Auction Closed
January 30, 06:14 PM GMT
Estimate
8,000 - 12,000 USD
Lot Details
Description
pierced octagonal form, engraved with masks and the Walpole crest, with two silver-mounted cut-glass bottles, marked on base with maker's mark and a crown mark thrice
19 oz, 590 g
Height 8 1/8 in., 21 cm
Sir Robert Walpole (1676-1745), after 1742 1st Earl of Orford, of Houghton Hall, Norfolk, first Prime Minister of Great Britain
Murdoch, T. (editor), Noble Households: Eighteenth Century Inventories of Great English Houses, Cambridge, 2006, p 172
The crown marks in addition to the maker's marks were an attempt to avoid duty which was 6d an ounce in the 1730s. Benjamin Godfrey was a known duty dodger: his maker's mark in addition to three indecipherable marks can also be seen on a pair of shell dishes, Chiswick Auctions, 23 October 2019, lot 314.
The crown mark may possibly reference Godfrey's shop sign 'the hand, ring and crown' which feature on his widow's trade card (see illustration).
In a list of silver, sold at auction in 1747, belonging to Sir Robert Walpole and kept at his property in Chelsea1,mention is made of a 'ffine Epargne, Consisting of Two Sets of casters, Two cruet fframes with Glasses, Two Double Salts, ffour Sawcers for Pickles and ffour Branches for Candles'. This was one of several he owned and kept at his properties in London and Houghton Hall.
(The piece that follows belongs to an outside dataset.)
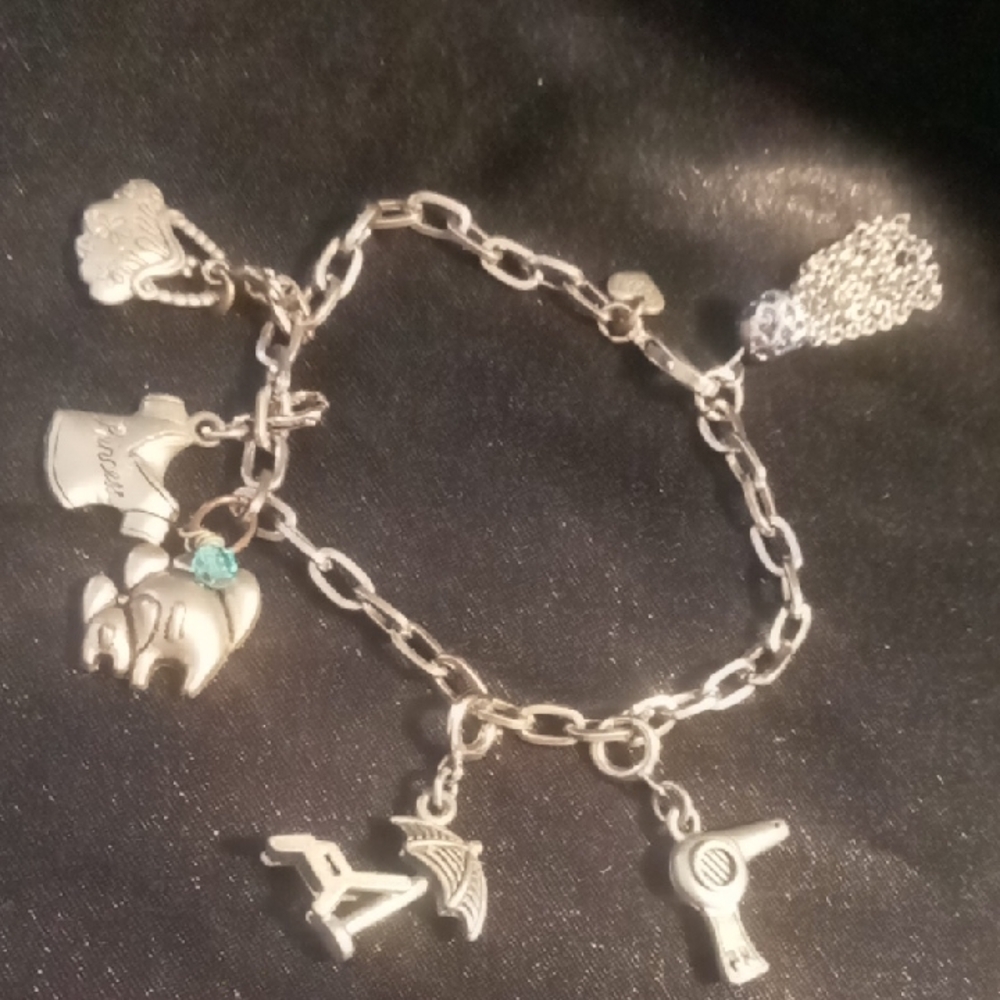 Krystal Silver Charm Bracelet with Elephant and Umbrella Charms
This suggests the current stand could have been attached to an epergne in a similar way the Kirkleatham Centerpiece of 1731 by David Willaume II and Anne Tanqueray (Temple Newsam, cat no.81, pp.87-90) or the Williams Centerpiece of 1730 by Edward Feline (National Museum of Wales). There are also mentions in the 1745 inventory at Houghton Hall of 'four pierced cruet stands'2.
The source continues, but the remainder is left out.